The two resampled frontiers are very similar and they both lie below the efficient frontier obtained using the full sample. This is not unexpected, because the frontier using the full sample has extreme weights on the assets with highest expected return estimates, whereas in the resampled frontiers, this effect will be averaged out.
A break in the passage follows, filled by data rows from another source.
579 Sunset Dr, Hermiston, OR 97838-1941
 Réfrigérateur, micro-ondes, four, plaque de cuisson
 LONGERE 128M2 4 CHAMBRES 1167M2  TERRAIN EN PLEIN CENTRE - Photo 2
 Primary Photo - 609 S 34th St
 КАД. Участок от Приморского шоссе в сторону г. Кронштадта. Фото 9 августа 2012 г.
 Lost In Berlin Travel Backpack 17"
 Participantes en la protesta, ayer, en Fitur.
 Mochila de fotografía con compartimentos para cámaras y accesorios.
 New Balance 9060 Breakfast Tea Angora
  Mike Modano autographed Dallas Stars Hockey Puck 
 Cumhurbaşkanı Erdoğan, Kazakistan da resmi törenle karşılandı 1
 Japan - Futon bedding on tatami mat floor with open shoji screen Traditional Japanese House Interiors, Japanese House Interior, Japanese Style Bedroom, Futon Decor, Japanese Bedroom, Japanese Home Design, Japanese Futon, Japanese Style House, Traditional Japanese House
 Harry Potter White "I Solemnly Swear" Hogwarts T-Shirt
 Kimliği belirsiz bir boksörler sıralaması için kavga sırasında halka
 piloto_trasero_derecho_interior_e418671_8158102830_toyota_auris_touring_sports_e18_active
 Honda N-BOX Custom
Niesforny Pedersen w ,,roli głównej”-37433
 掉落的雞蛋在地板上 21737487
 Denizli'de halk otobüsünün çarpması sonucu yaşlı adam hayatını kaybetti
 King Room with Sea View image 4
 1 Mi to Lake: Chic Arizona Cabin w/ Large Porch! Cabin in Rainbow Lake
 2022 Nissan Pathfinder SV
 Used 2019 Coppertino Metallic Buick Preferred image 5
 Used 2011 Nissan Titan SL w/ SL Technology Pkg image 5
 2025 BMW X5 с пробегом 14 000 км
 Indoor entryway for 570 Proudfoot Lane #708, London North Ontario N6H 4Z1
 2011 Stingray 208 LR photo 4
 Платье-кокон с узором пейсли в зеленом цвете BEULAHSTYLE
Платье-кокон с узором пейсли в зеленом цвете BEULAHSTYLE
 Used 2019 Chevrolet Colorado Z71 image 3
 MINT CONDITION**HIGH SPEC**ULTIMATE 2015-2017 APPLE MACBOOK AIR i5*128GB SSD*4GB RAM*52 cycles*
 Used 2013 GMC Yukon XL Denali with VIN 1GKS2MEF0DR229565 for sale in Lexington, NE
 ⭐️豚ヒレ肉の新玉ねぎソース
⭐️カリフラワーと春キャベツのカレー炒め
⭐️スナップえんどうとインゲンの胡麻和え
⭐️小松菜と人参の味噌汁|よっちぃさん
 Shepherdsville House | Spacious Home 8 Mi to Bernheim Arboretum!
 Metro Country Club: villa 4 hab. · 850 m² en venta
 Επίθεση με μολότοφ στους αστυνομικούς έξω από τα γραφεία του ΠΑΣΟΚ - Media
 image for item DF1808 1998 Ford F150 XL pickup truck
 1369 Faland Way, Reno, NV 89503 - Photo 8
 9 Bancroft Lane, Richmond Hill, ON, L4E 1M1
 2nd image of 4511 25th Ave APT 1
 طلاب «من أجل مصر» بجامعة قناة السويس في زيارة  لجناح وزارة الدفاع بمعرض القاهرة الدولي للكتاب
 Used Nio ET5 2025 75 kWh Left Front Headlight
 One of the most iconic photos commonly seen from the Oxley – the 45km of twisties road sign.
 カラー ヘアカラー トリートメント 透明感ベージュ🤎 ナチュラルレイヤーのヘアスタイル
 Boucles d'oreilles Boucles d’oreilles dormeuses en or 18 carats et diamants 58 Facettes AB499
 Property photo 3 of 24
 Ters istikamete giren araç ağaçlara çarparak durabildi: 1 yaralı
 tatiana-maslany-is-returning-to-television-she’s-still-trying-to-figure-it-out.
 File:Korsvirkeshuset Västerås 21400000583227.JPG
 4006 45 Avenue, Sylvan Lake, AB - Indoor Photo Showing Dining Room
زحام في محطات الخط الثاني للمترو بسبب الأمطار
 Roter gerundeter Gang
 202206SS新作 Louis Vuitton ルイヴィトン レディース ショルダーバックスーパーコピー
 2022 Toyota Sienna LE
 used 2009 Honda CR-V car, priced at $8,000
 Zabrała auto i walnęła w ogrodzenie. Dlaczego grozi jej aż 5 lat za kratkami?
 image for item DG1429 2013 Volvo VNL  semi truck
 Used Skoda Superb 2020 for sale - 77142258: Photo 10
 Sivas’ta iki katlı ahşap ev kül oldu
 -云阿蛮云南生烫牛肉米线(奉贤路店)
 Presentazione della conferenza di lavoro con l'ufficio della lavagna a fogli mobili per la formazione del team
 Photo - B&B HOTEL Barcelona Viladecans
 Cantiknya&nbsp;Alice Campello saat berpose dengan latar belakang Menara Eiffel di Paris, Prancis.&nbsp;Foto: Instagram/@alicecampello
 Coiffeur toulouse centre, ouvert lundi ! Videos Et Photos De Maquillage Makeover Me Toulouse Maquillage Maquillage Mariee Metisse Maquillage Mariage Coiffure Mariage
## Resampling and Portfolio Diversification

Does resampling help in terms of increasing the diversification along the efficient frontier? Indeed, resampling dramatically improves the diversification of the portfolios in the efficient frontier. When the full sample is used, the portfolios are extremely concentrated in bonds (BND/IAGG) for low risk portfolios and in U.S. equities (VTI) for high risk portfolios. The resampled efficient frontiers have a much better diversification and typically invest in all asset classes. This example suggest that resampling is an effective way to obtain more robust estimates of efficient portfolios.

```
# inspect weights along full-sample and resampled efficient frontiers
par(mfrow = c(3,1))
barplot(t(eff.frontier.full.sample$Weights),
col = viridis(ncol(returns.data)),
legend.text = asset_names, xlab = "Risk", ylab = "Weight",
names.arg = round(sqrt(252)*eff.frontier.full.sample$EfficientFrontier$Risk,2))
title("Efficient frontier weights - Full sample")
barplot(t(resampled.weights.Gaussian), col = viridis(ncol(returns.data)),
legend.text = asset_names, xlab = "Risk", ylab = "Weight",
names.arg = round(sqrt(252)*resampled.risks.Gaussian,2))
title("Efficient frontier weights - Resampled Gaussian")
barplot(t(resampled.weights.historical), col = viridis(ncol(returns.data)),
legend.text = asset_names, xlab = "Risk", ylab = "Weight",
names.arg = round(sqrt(252)*resampled.risks.historical,2))
title("Efficient frontier weights - Resampled Historical")
```

## Concluding Remarks

This article illustrates two issues associated with mean-variance portfolio optimization. First, the portfolios tend to be extremely concentrated in only a few assets. Second, the efficient frontier is unstable when the sample period used to estimate the parameters changes, which is shown by comparing the efficient frontiers before and after the start of the Covid-19 crisis. A resampling method, which has been proposed to produce more robust estimates of the efficient frontier, is illustrated using simulations from a normal distribution or from historical returns. The resampled efficient frontier is obtained by averaging the weights obtained with each simulated sample. The resampled frontiers obtained with the two resampling methods in this example are similar, and much more diversified than the efficient frontier obtained using the full sample.